— Exercise —
Line count for "with": state how many lines of the data below include it, and output nothing more.

— Data to process —
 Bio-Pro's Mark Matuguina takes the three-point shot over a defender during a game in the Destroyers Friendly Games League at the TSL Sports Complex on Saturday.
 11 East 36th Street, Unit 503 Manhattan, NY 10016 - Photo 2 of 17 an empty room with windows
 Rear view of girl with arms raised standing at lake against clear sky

---

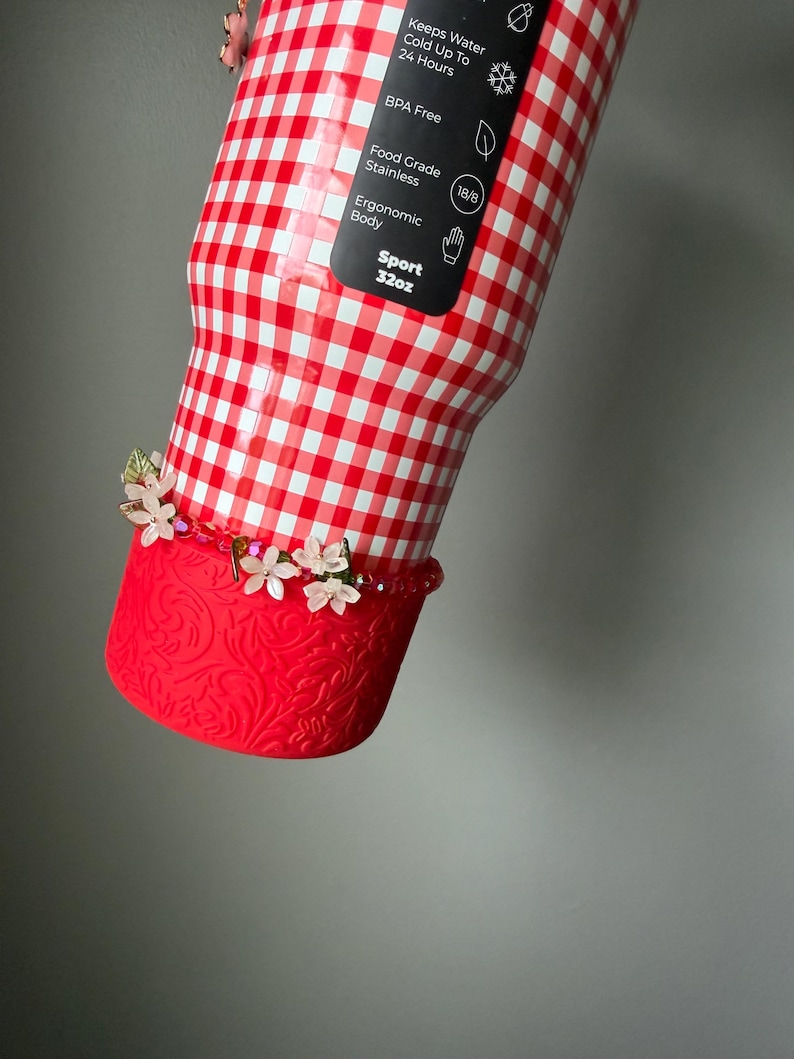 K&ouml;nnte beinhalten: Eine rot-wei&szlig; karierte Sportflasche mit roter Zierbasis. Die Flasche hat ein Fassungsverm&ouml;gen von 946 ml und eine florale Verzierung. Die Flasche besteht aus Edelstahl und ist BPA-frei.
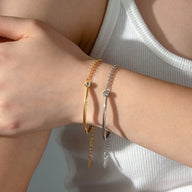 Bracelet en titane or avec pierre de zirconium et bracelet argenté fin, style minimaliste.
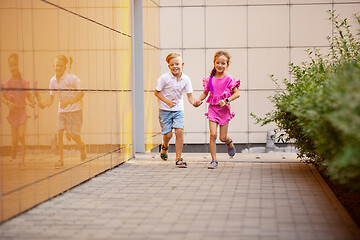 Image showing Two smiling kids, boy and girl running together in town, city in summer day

— Answer for this exercise —
2